Grit Quotient

First, let’s define grit quotient:

The process of a disciplined routine that addresses the physical, mental and emotional needs of an individual, strengthening a person’s resolve in the face of adversity in their respective personal or professional realm. Succinctly, this is a person’s mental toughness. If we extrapolate this out we’re talking about the pursuit of a passion by any means, through fear and apprehension. No, this is not Machiavellian. Instead, this is putting in the time, learning from our mistakes, reassessing, and going at it again. We recently spoke with 3 entrepreneurs who embody this credo from disparate industries.

Brian Alexander (Ep. 58) is the owner and CEO of CrossFit Illumine. You wouldn’t know it by looking, considering he looks like an MMA fighter, but he’s a failed restaurateur who didn’t allow that nor a stint in self-destruction keep him from establishing a burgeoning community. I’ve had the opportunity to be involved in his community and know first hand of it’s benefits.

Robbie Abed (Ep. 59) is the author of Fire Me I Beg You, a 7 week, step by step process on how to quit your job. How did a trip to Aldi lay the foundation for this eventual business? Better yet, do you advocate for yourself? What do most people not like about their job? Listen in for the answers.

Shaily baranwal (Ep. 60) is the founder and CEO of Elevate K12 and Classblox, an online series of classes offered by live, online instructors. She’s working to change education one student at a time, and through many hours of instruction. With all the talk in the startup world of unicorns, Shaily bootstrapped her company and the fruits of that labor along chicken mcnuggets have helped her companies grow.

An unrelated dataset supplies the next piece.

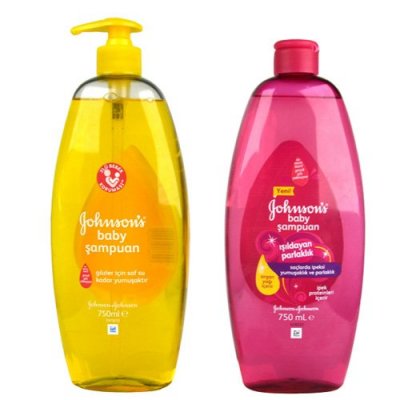 Johnson's Baby Shampoo 750 ml / 200 ml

Brian, Robbie and Shaily stories display what we should all strive for, and that’s living in pursuit of our own personal passions amidst the everyday noise that many of us are familiar with. They are not “celebrities”, just regular folks who have overcome mistakes, personal issues and caught some breaks along the way. I’m a firm believe in what luck really is. So, we should all prepare for when opportunity meets that work.